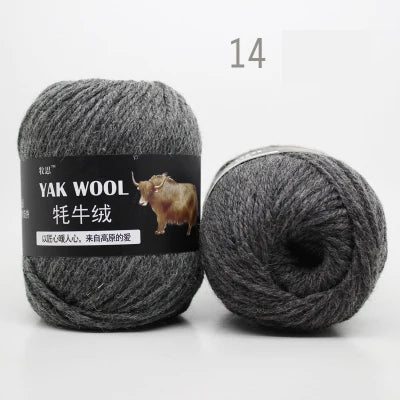 Fil épais de laine de cachemire Yak pour tricoter, écharpe de pull au Crochet, fil de laine mélangée mérinos tricoté de haute qualité
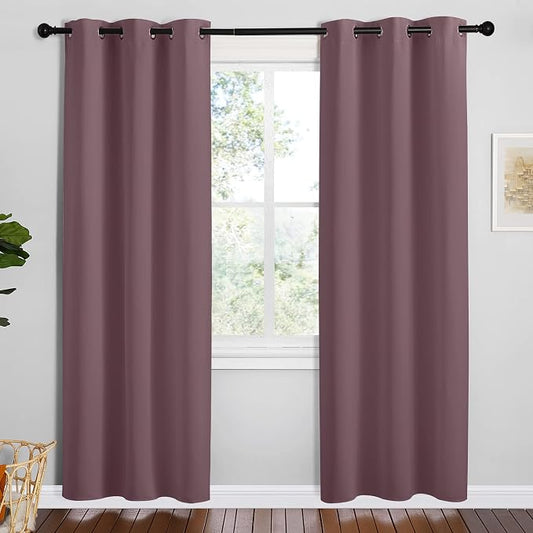 NICETOWN Dry Rose Room Darkening Curtains by NICETOWN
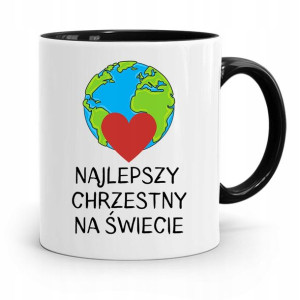 Dla Chrzestnego Chrzestnej Kubek Czarny Na Prezent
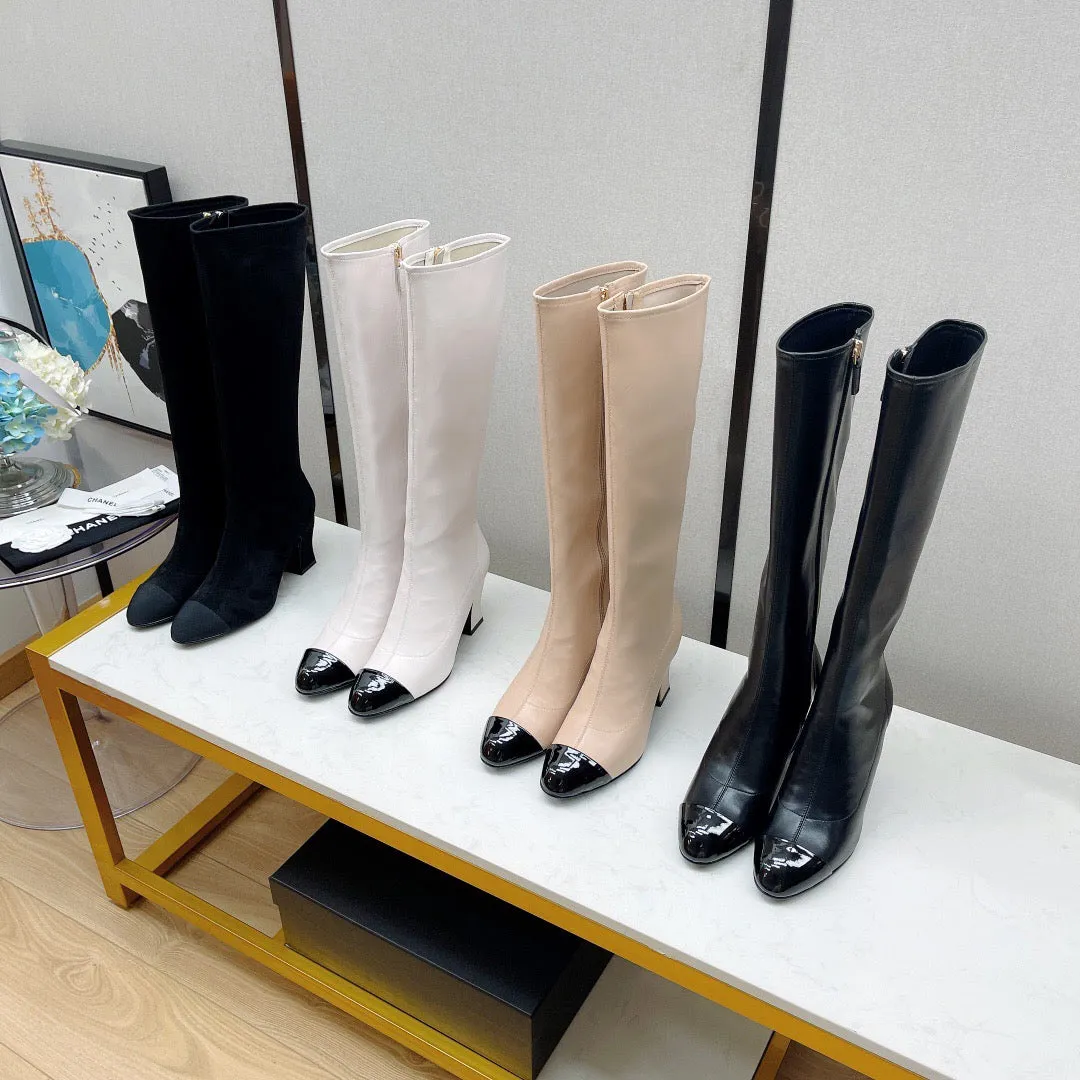 SE699  Size 5-10  Heels:7.5cm Shaft measures approximately 15 from arch Material: Cowhide  Lining: Sheep skin Sole: Italian leather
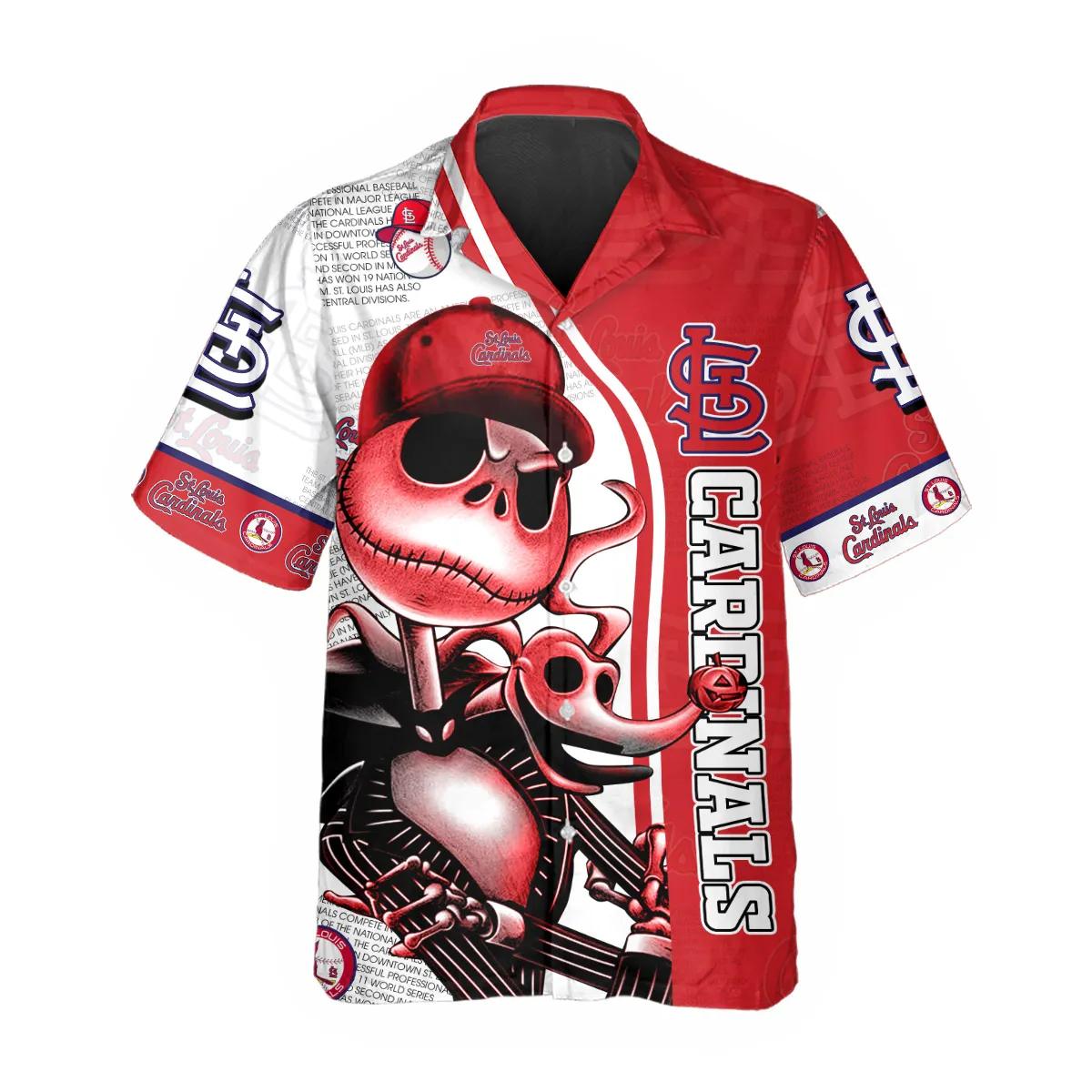 St. Louis Cardinals Skeleton Swagger Hawaiian Shirt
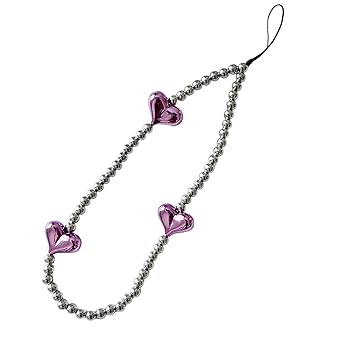 正規品stringtingハート型ビーズ スマホストラップ ♢String Ting♢スマホストラップ 雲xハート (String Ting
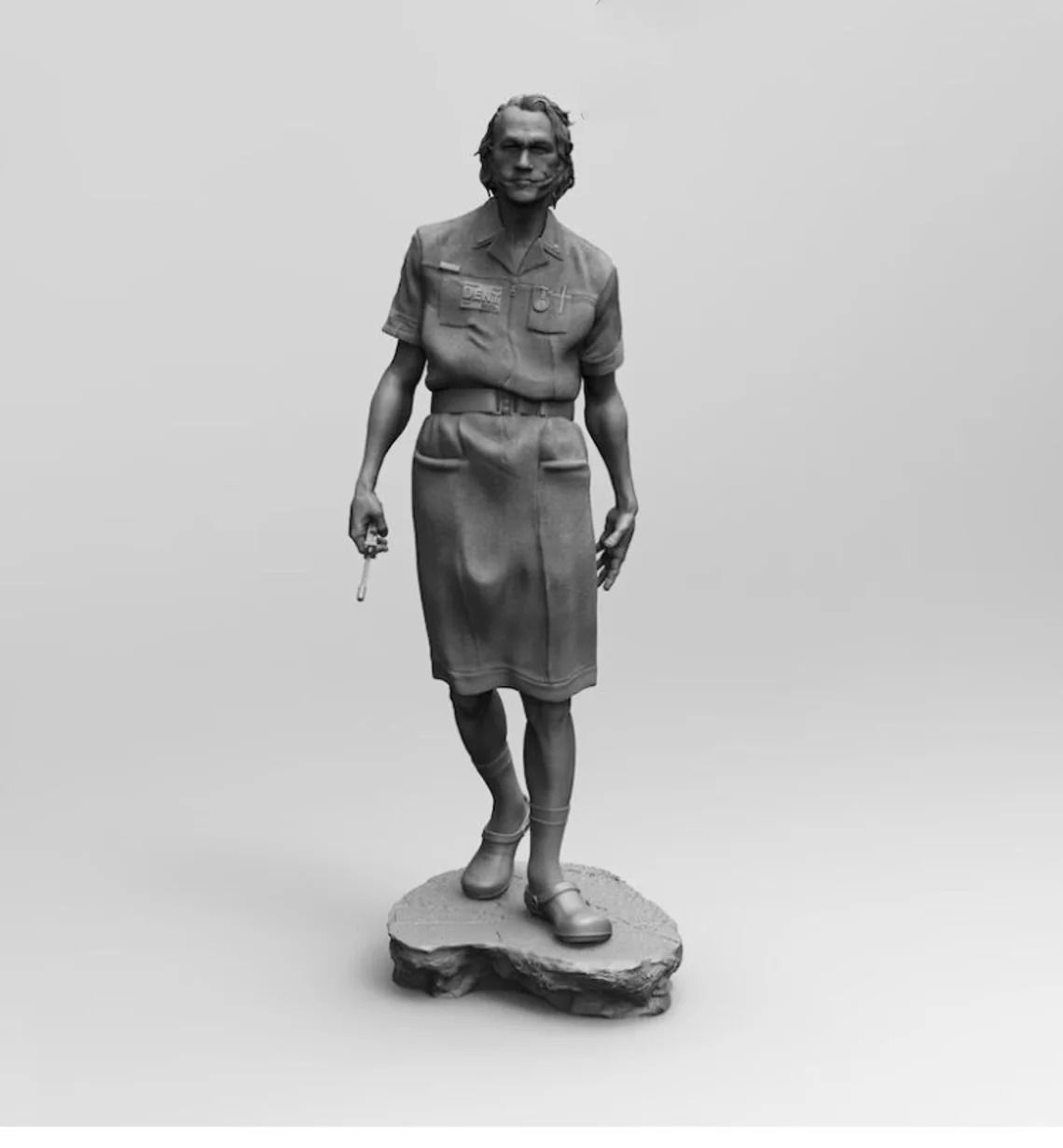 Joker Ledger Nurse Statue 3d model for 3d printing 3D print model_4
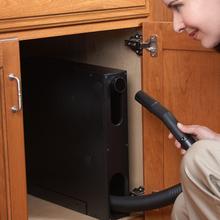 Load image into Gallery viewer, Vroom In-Cabinet Retractable Hose – Beam central vacuum installed accessory | Beam of St. Louis
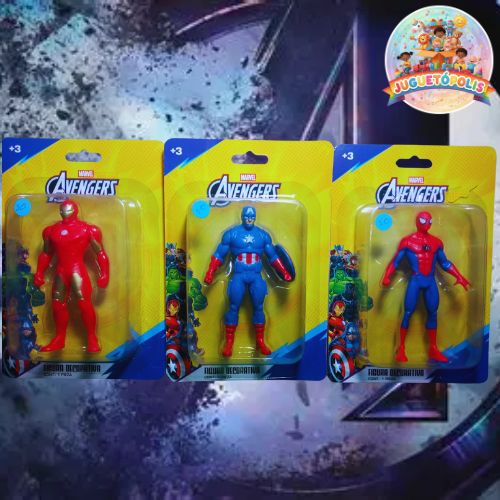 FIGURAS SUPERHEROES (IROMAN, CAPITAN AMERICA O HOMBRE ARAÑA)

> [THE PROBLEM]
Repeat the listing above from its first line through the line that contains "Sole: Italian leather", both included, and nothing more. Drop the pictures.

> [OUTPUT]
 Fil épais de laine de cachemire Yak pour tricoter, écharpe de pull au Crochet, fil de laine mélangée mérinos tricoté de haute qualité
 NICETOWN Dry Rose Room Darkening Curtains by NICETOWN
 Dla Chrzestnego Chrzestnej Kubek Czarny Na Prezent
 SE699  Size 5-10  Heels:7.5cm Shaft measures approximately 15 from arch Material: Cowhide  Lining: Sheep skin Sole: Italian leather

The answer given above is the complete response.